■ PROBLEM DETAILS:
Please output the listing that follows exactly, but keep all images out.

-- RECORDS FOR THIS TASK follows --

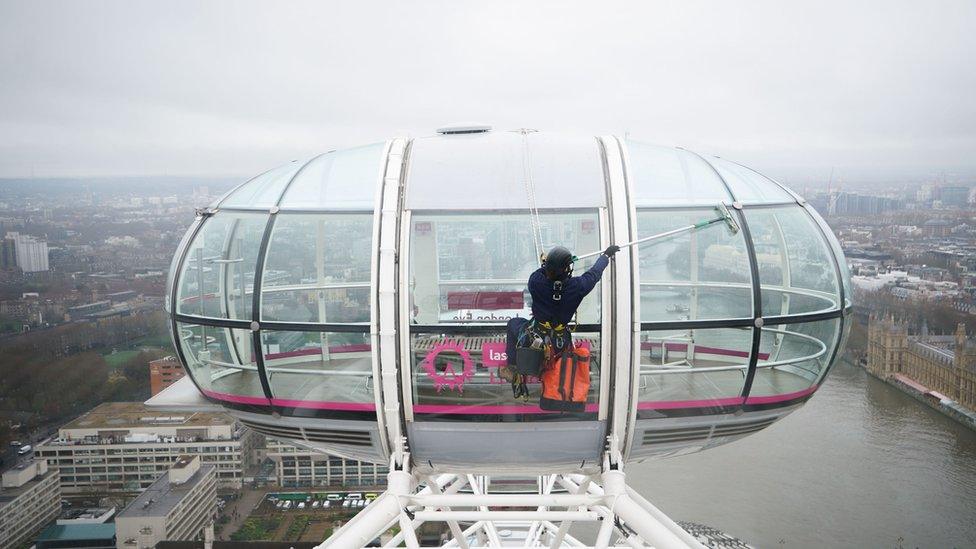 A window cleaner scrubs the London Eye pods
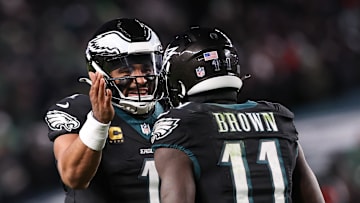 Nov 28, 2025; Philadelphia, Pennsylvania, USA; Philadelphia Eagles quarterback Jalen Hurts (1) and wide receiver A.J. Brown (11) celebrate a touchdown against the Chicago Bears during the third quarter of the game at Lincoln Financial Field. Mandatory Credit: Bill Streicher-Imagn Images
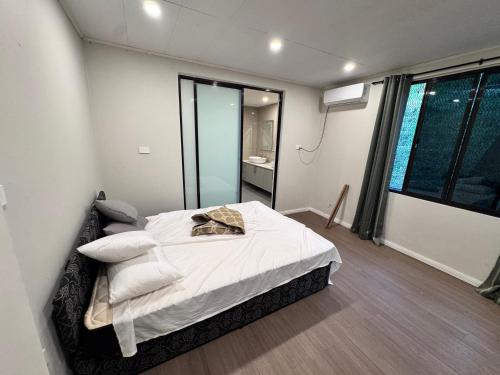 a bedroom with a bed with white sheets and pillows at Reddy Homes in Lautoka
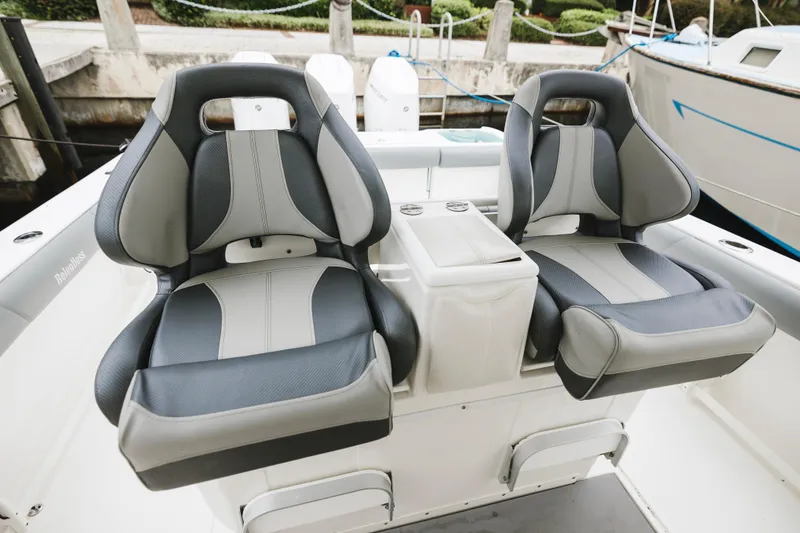 Slide: The Image of Luxury seating on a 2008 Everglades 350LX boat, featuring dual cushioned chairs. - 21
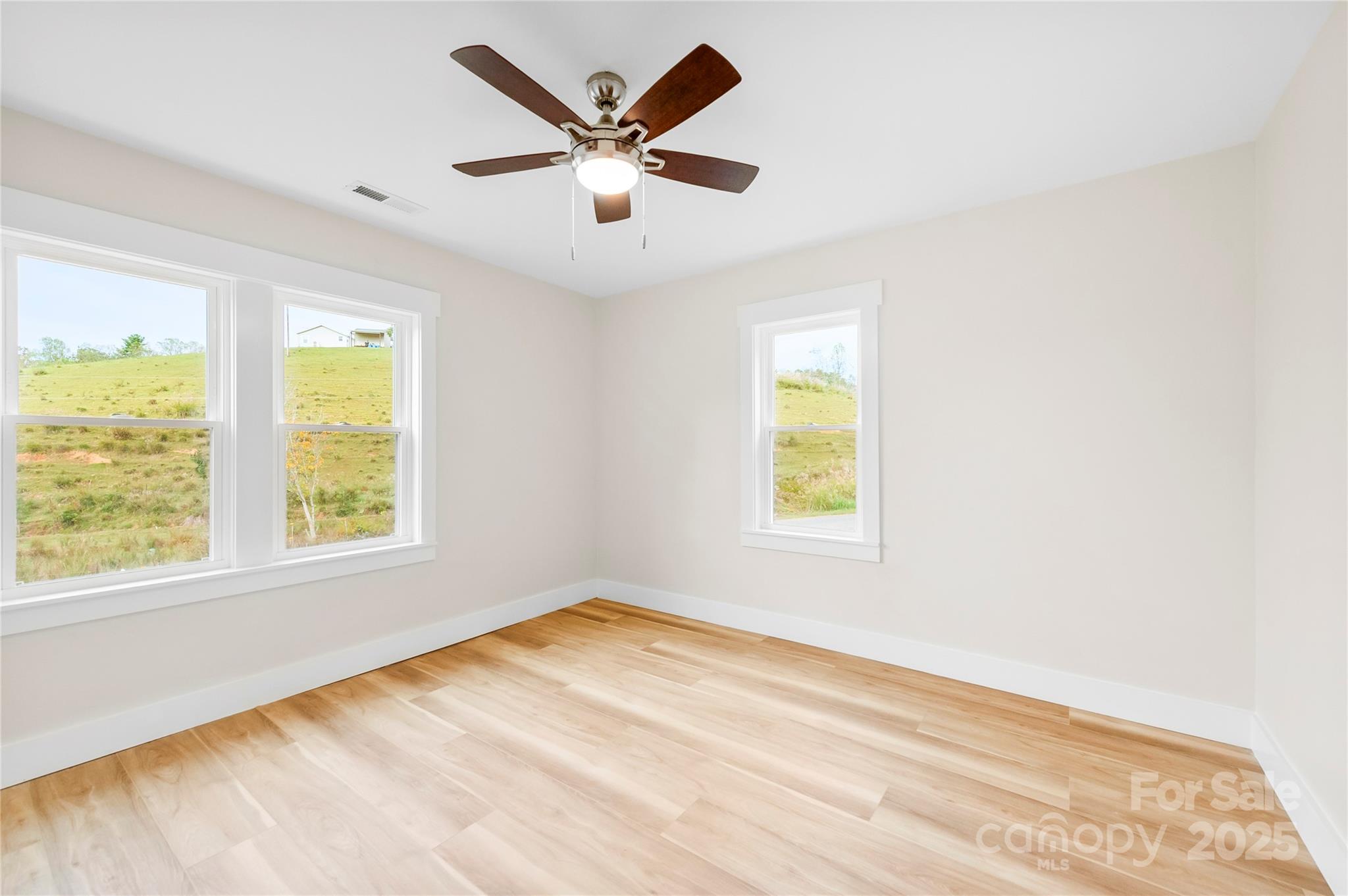 421 Hazel Brook Road Marshall, NC 28753 - Photo 23 of 30 a view of a big room with wooden floor and a window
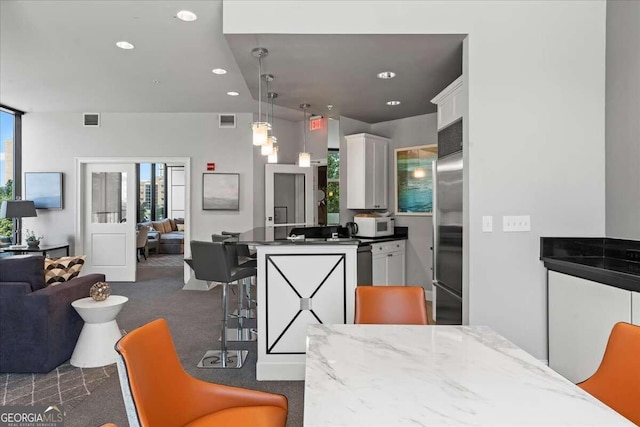 kitchen featuring dark carpet, stainless steel appliances, white cabinets, and a breakfast bar area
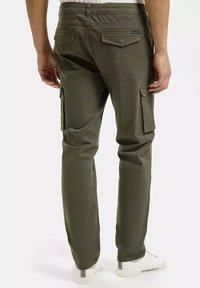 Oliwkowe spodnie cargo o luźnym kroju, wykonane z trwałego materiału. Posiadają wiele kieszeni bocznych oraz pasek w pasie z pętelkami.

-- RECORDS FOR THIS TASK concluded --

■ ANSWER AREA:
 A window cleaner scrubs the London Eye pods
 Nov 28, 2025; Philadelphia, Pennsylvania, USA; Philadelphia Eagles quarterback Jalen Hurts (1) and wide receiver A.J. Brown (11) celebrate a touchdown against the Chicago Bears during the third quarter of the game at Lincoln Financial Field. Mandatory Credit: Bill Streicher-Imagn Images
 a bedroom with a bed with white sheets and pillows at Reddy Homes in Lautoka
 Slide: The Image of Luxury seating on a 2008 Everglades 350LX boat, featuring dual cushioned chairs. - 21
 421 Hazel Brook Road Marshall, NC 28753 - Photo 23 of 30 a view of a big room with wooden floor and a window
 kitchen featuring dark carpet, stainless steel appliances, white cabinets, and a breakfast bar area
 Oliwkowe spodnie cargo o luźnym kroju, wykonane z trwałego materiału. Posiadają wiele kieszeni bocznych oraz pasek w pasie z pętelkami.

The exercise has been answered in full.